Maddison et al. investigated ANAs in 65 families of SSc patients. Of the enrolled 217 first degree relatives (FDRs), 58 (27%) had a positive ANA (42 speckled, 13 nucleolar, one centromere, two homogenous). Family members tended to share ANA patterns. ANA positivity was detected in nine out of 38 enrolled spouses (24%), and these all had a speckled pattern. ANA positivity also was found in 8% of a randomly selected cohort of blood donor controls for which age and sex were not available. The authors concluded that genetic and environmental factors predispose to the development of SSc and to a high prevalence of autoantibodies in FDRs and spouses of SSc probands [2]. Barnett et al. reported ANA data in 58 SSc patients, 74 FDRs, 30 spouses, and 66 controls broadly matched to the patients, their spouses, and about half of the relatives (siblings and parents) by age.

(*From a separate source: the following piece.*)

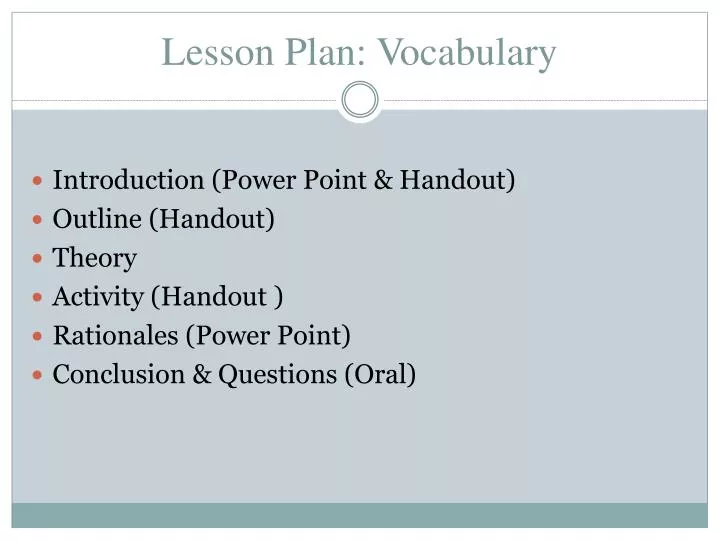 lesson plan vocabulary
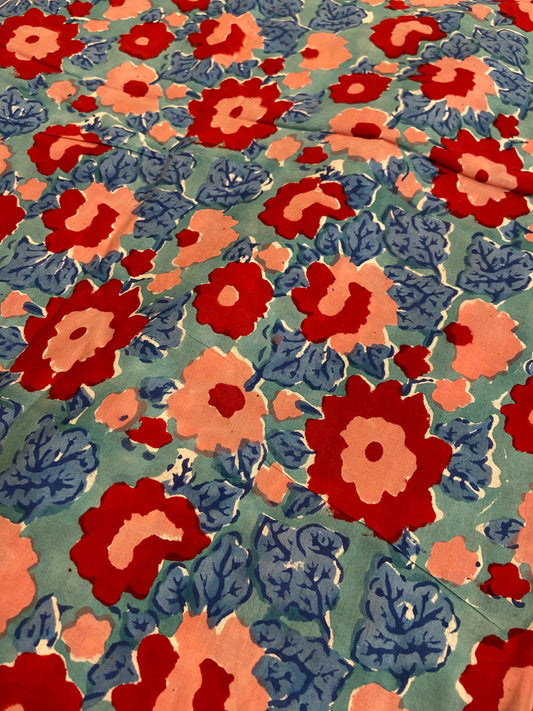 Blue Red Spring Florals Hand Block Printed Mulmul Cotton Cloth - Nakhrro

They found 95% of patients, 18% of controls, 3% of spouses, and 7% of FDRs had a positive ANA; 64% of SSc patients had more specific antibodies compared to 0% in the other groups. ANA at a titer of ≥160 was considered positive. The authors concluded that no genetic or environmental factors contribute to the presence of ANAs in SSc [3]. We did not detect any significant difference in the ANA positivity among FDRs of SSc patients in comparison to controls after adjustment for disparities in sex and gender. This adjustment was not done in previous studies investigating rates of ANA positivity in SSc families (2–3). Omitting of this correction can lead to spurious associations because ANA positivity can be significantly influenced by age and gender [40]. Contrary to a previously published report (2), ANA positivity was also not seen at a higher frequency in spouses of SSc patients. This finding argues against an environmental trigger leading to ANA positivity among SSc patients and their spouses.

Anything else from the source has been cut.